Em novo lance da disputa arrastada entre Legislativo e Judiciário no Brasil, no embate também travado com o Executivo por diversas vezes, o ministro do Supremo Tribunal Federal, Luiz Fux, afirmou esta semana que os parlamentares empurram decisões para o Judiciário porque não querem arcar com o preço social que pode representar perda de votos. “Como os juízes não são eleitos, empurram para o Supremo Tribunal Federal e nós somos obrigados a decidir”, disse Fux, na abertura do XVI Simpósio de Direito Constitucional, em Curitiba.
Mas o ministro reconheceu, na mesma ocasião, que pode haver excessos produzidos pela STF. “O Judiciário é provocado, ele não age de ofício. Mas muitas vezes, o Supremo Tribunal Federal, no afã de solucionar uma questão, acaba sendo efetivamente invasivo.

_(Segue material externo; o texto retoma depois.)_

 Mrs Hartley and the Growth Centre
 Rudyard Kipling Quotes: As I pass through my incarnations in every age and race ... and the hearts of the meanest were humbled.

E, quando nada, ele deveria efetivamente devolver para o Parlamento aquilo que cabe ao Parlamento decidir”. E voltamos à questão que soa interminável, mas necessária, a respeito dos deveres de cada um dos poderes na República brasileira. Seria preciso, talvez, retroceder ao ponto em que a confusão de funções se estabeleceu, identificando os momentos e verificando as invasões de território de outro poder, na expressão do ministro do Supremo.
A complexidade do debate se contrapõe à simplicidade da Constituição. Na lei máxima do país, o Legislativo elabora, discute e aprova leis – como a Constituição de 1988, elaborada, discutida e aprovada no Congresso. O Executivo deve administrar o governo e fazer com que as leis saiam do papel. Segundo a designação constitucional, o Legislativo fiscaliza o Executivo. O Judiciário, por sua vez, analisando a legislação vigente à luz da Carta Magna, protegendo a aplicação correta das leis, fornecendo soluções para eventuais impasses nas relações entre os cidadãos, as empresas e o poder público. Cabe ainda ao Judiciário, como guardião da Constituição, permitir em suas decisões o acesso de todos aos direitos fundamentais, nela contidos.
A separação dos poderes, nos últimos anos, foi transformada em isolamento de cada um, como se a harmonia fosse relegada a segundo plano na ordem democrática. Infelizmente, entre a judicialização da política e a politização da justiça, o cidadão se sente esquecido pelas instituições que deveriam zelar, em primeiro lugar, pelos valores da cidadania. Numa República, nenhum poder deve ser uma ilha. Ou a separação volta a ser vista como distância para a integração, ou vamos continuar a ver as trocas de farpas improdutivas sem relação com o interesse coletivo.